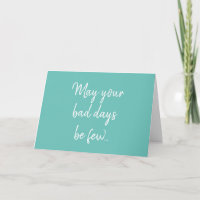Funny Cancer Chemo Ovarian Aquamarin Get Well Card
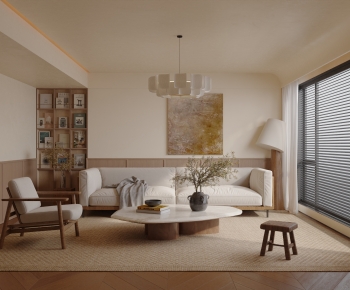Wabi-sabi Style A Living Room-ID:611844063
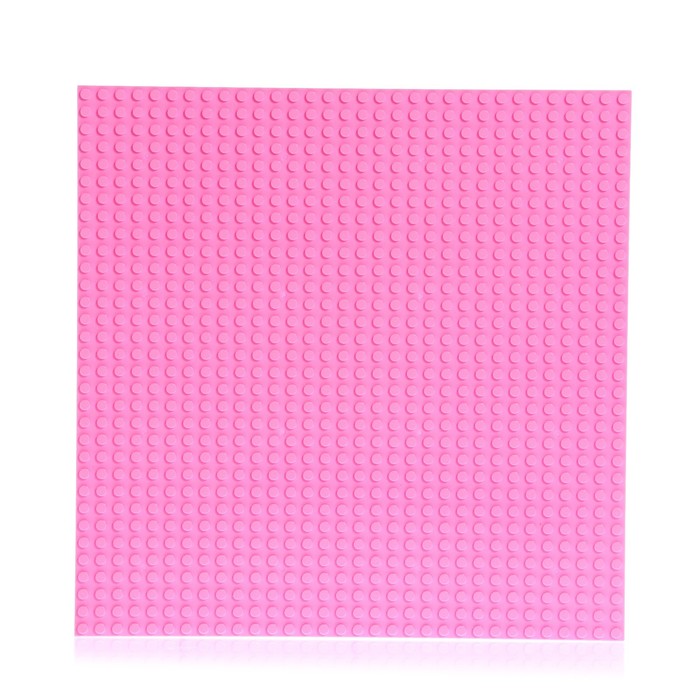 Пластина-основание для конструктора, 25,5 × 25,5 см, цвет розовый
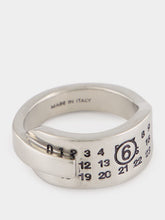 MM6 Maison Margiela Silver Numeric Brass Ring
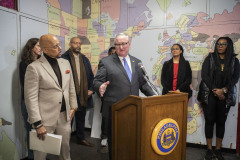 February 2, 2023 :: Senator Hughes presented a Redevelopment Assistance Capital Program (RACP) grant check for a project involving the renovation of the Shepard Recreation Center, which features improvements to the outdoor site.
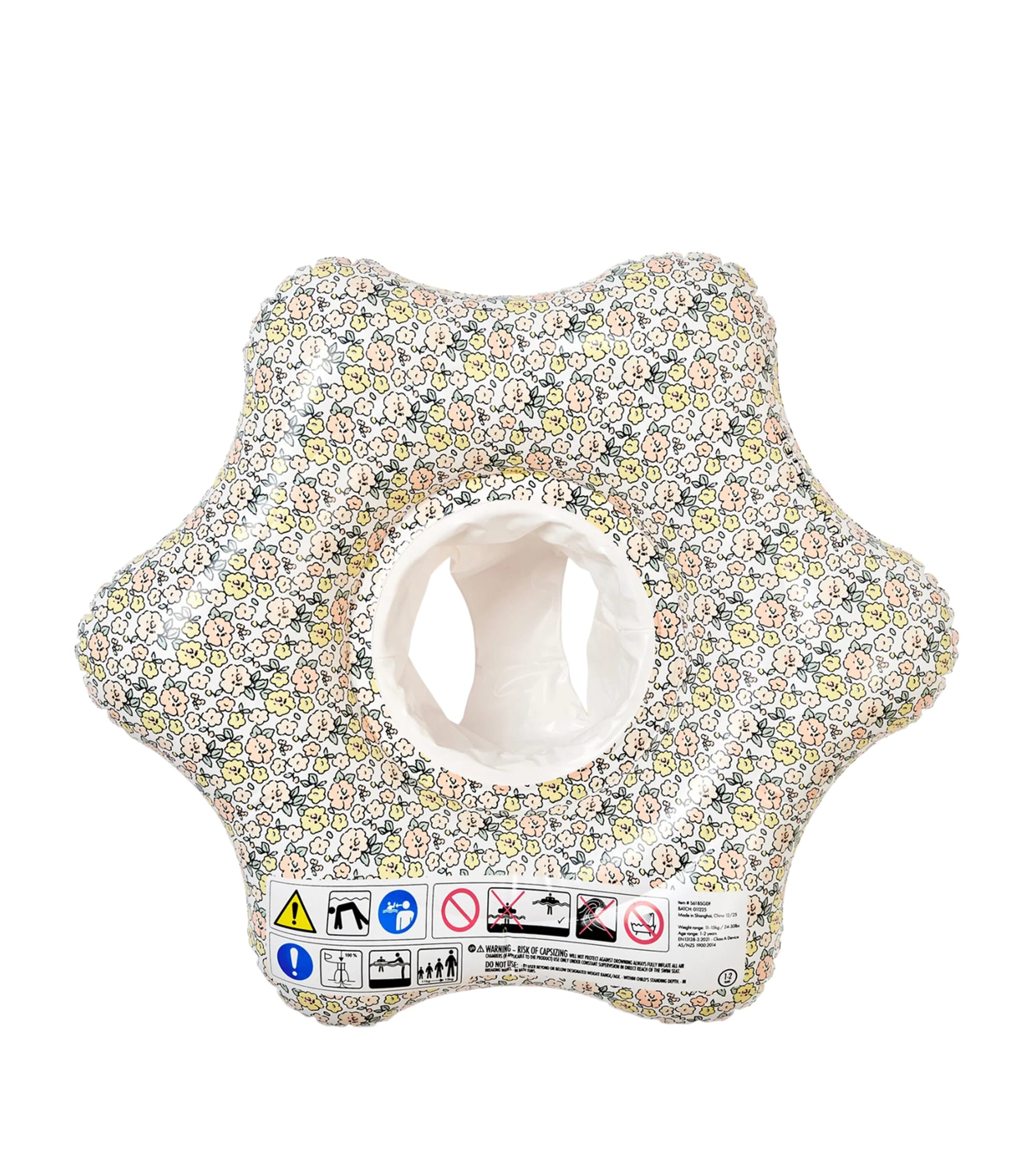 Sunnylife Kids Floral Into The Garden Baby Seat Float (1-2 Years) Multicolour Image 3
==============================
## Problem details:
Send back the data above word for word, with the pictures left out.

## Output of the exercise:
Funny Cancer Chemo Ovarian Aquamarin Get Well Card
Wabi-sabi Style A Living Room-ID:611844063
 Пластина-основание для конструктора, 25,5 × 25,5 см, цвет розовый
 MM6 Maison Margiela Silver Numeric Brass Ring
 February 2, 2023 :: Senator Hughes presented a Redevelopment Assistance Capital Program (RACP) grant check for a project involving the renovation of the Shepard Recreation Center, which features improvements to the outdoor site.
 Sunnylife Kids Floral Into The Garden Baby Seat Float (1-2 Years) Multicolour Image 3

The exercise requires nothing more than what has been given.